Exercise input:
◇ ◇ ◇ ◇ ◇ ◇ ◇

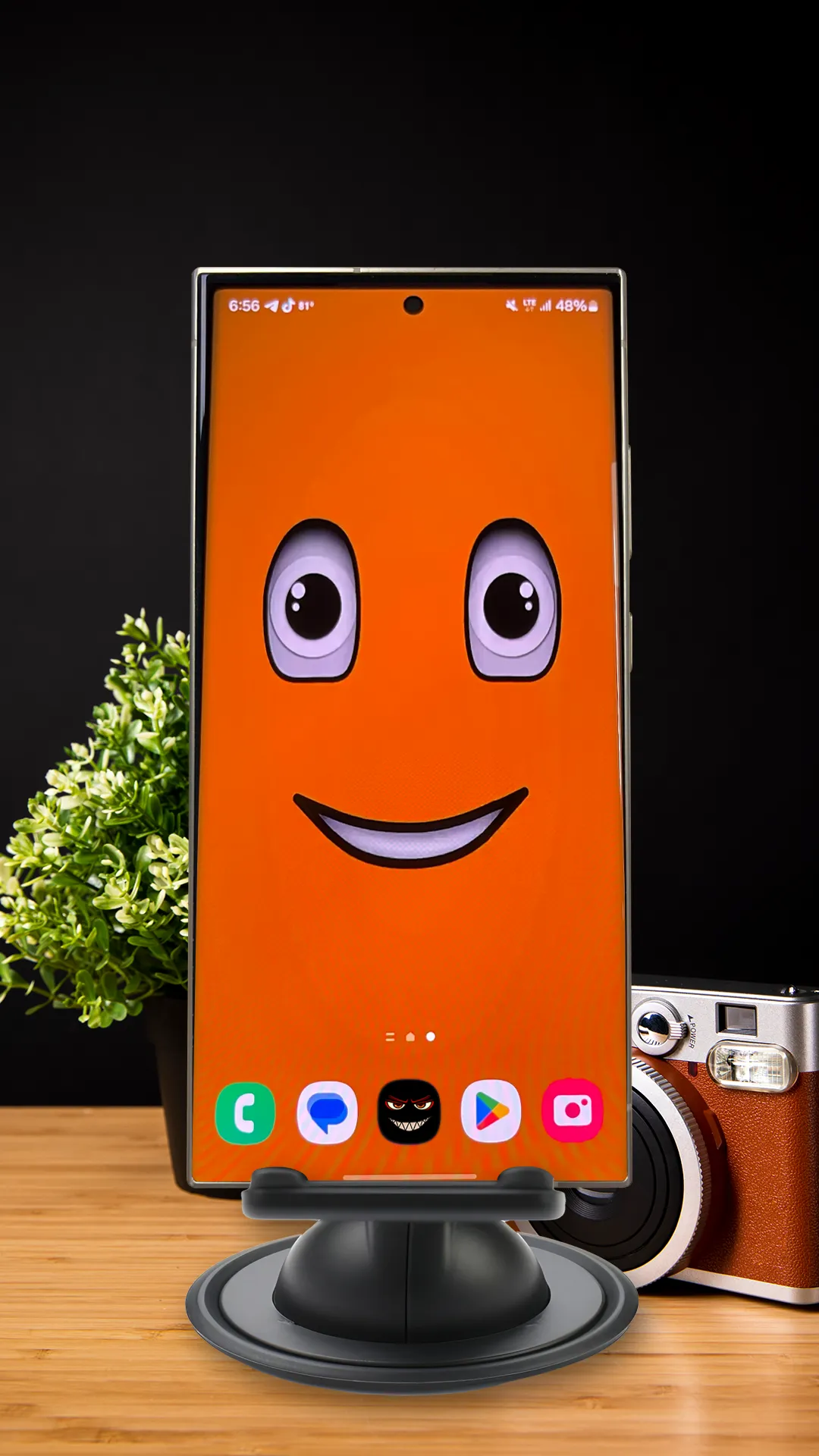 Silly Smiley Live Wallpaper | Indus Appstore | Screenshot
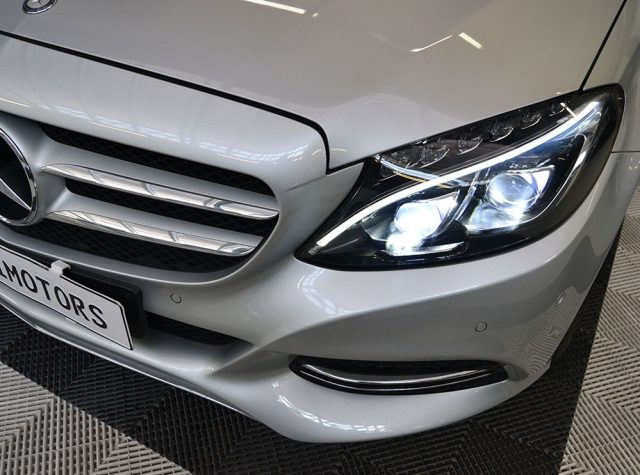 MERCEDES-BENZ C 180 AUT. SPORT "TETTO-PELLE-COMAND-L - foto 22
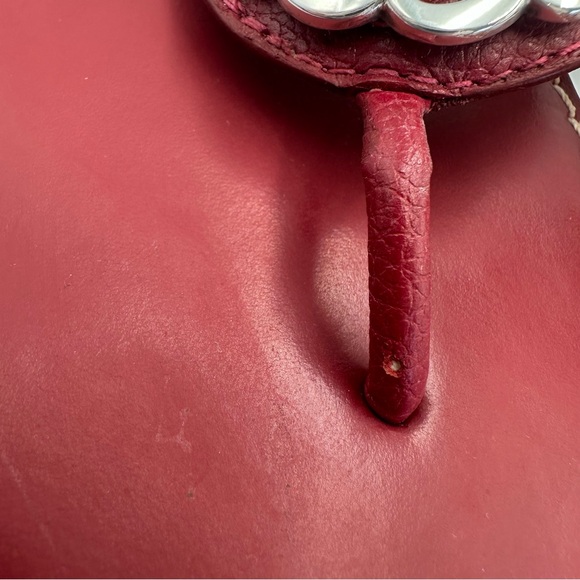 Brighton Red Alice Sandals Thong Flat Leather Womens Size 9M Silver Medallion - Picture 7 of 12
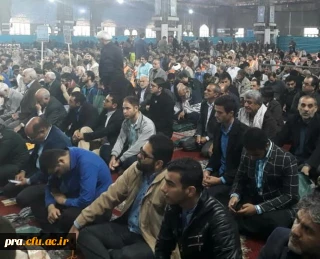 شرکت دانشجویان پردیس در نمازجمعه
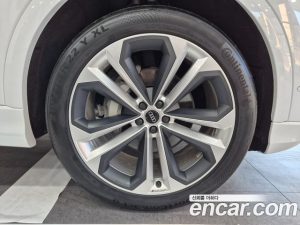 Audi Q8 55 TFSI 4WD Premium 2025 года из Южной Кореи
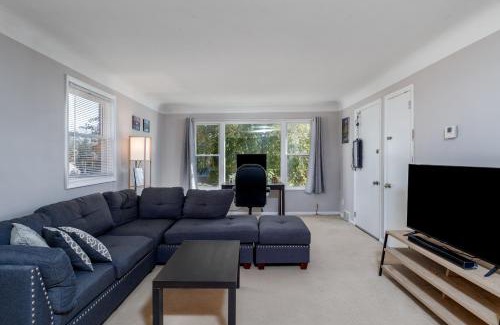 Rocky River Appartement | Upstairs Unit in Rocky River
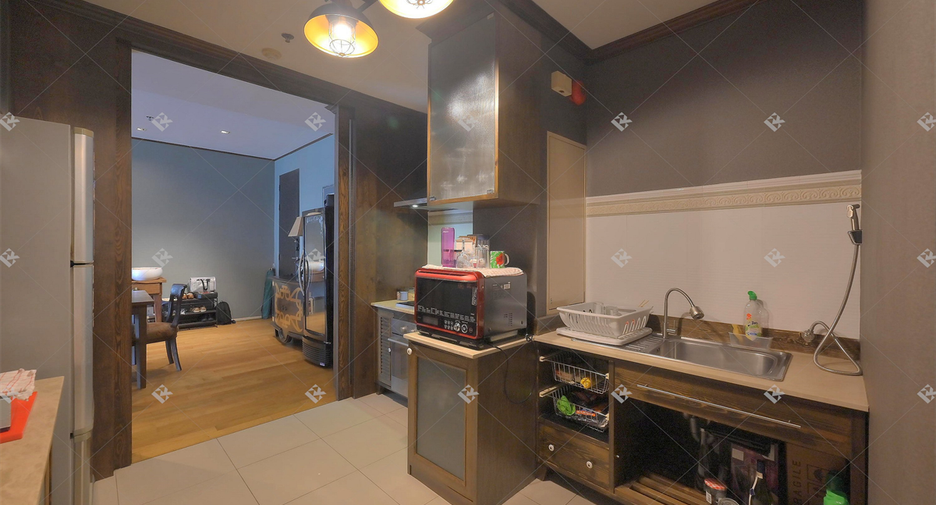 À vendre 2 chambres condo à Khlong Toei, Bangkok
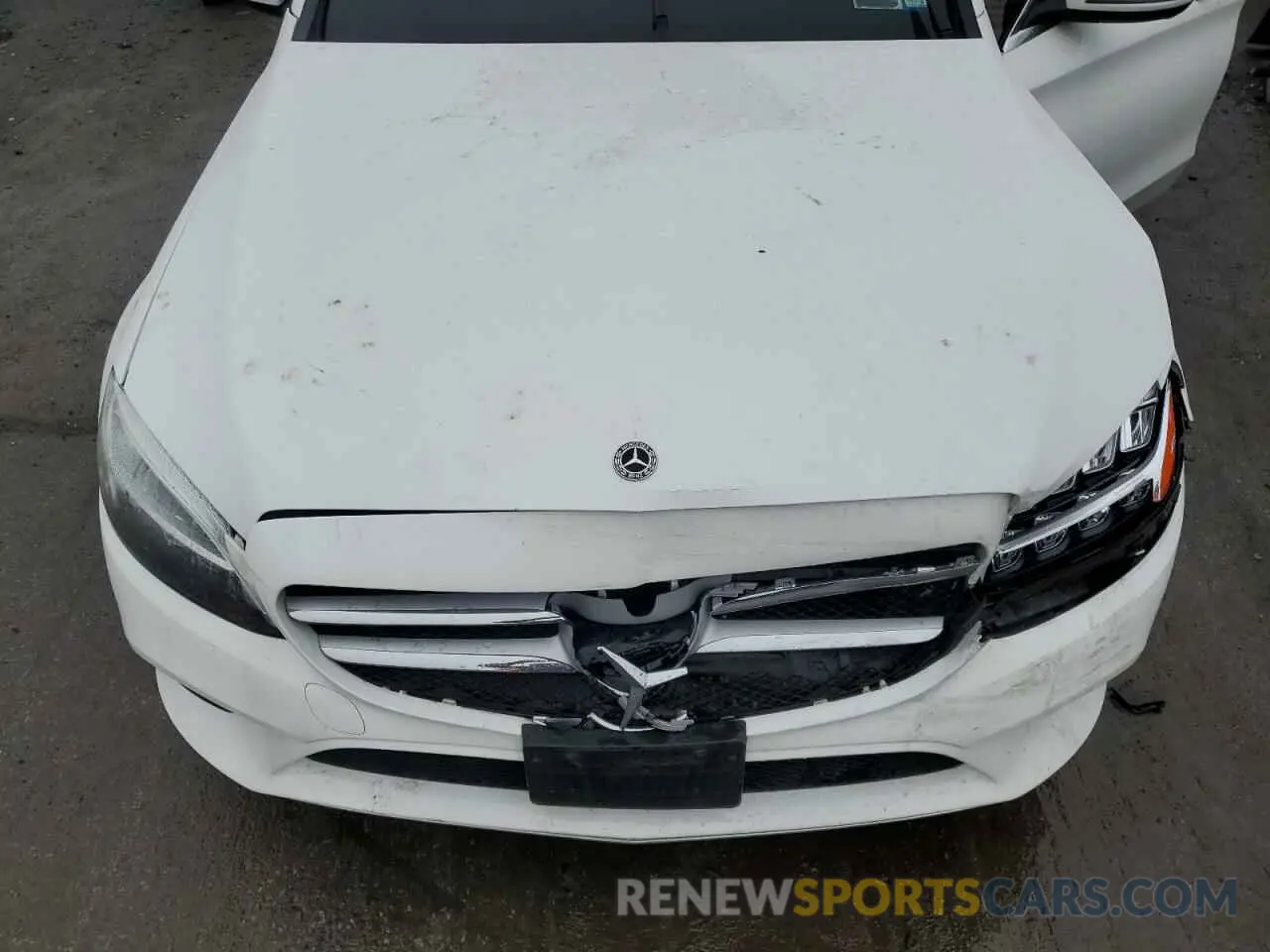 11 Photograph of a damaged car 55SWF8EB7KU299314 MERCEDES-BENZ C-CLASS 2019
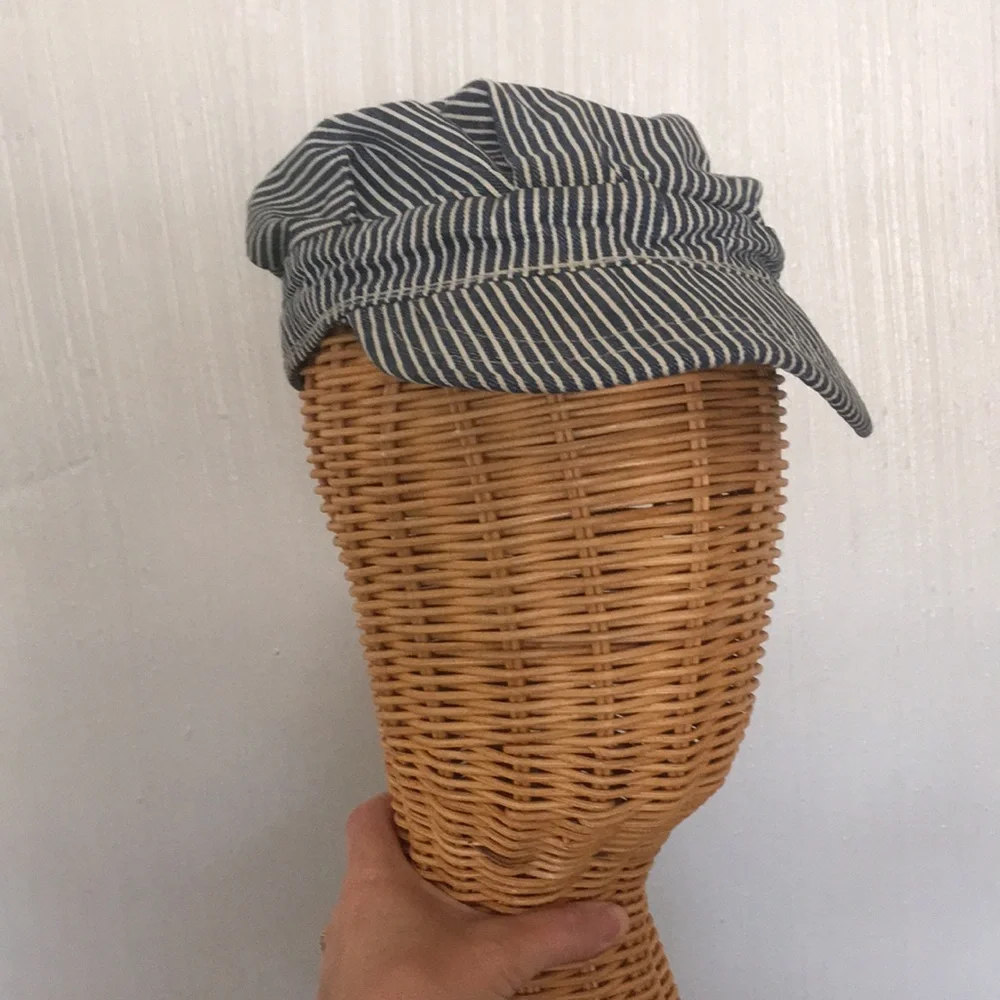 Vintage Dorfman Pacific Co Cotton Striped Blue and White Cotton Cap train XS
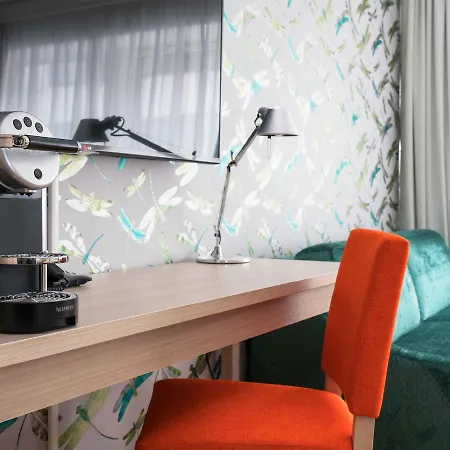 トーン ポーラー ホテル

◇ ◇ ◇ ◇ ◇ ◇ ◇

To do: Copy the final portion of the records: every line from the one containing "Rocky River Appartement" through the last, word for word, without pictures.

Written answer:
 Rocky River Appartement | Upstairs Unit in Rocky River
 À vendre 2 chambres condo à Khlong Toei, Bangkok
 11 Photograph of a damaged car 55SWF8EB7KU299314 MERCEDES-BENZ C-CLASS 2019
 Vintage Dorfman Pacific Co Cotton Striped Blue and White Cotton Cap train XS
 トーン ポーラー ホテル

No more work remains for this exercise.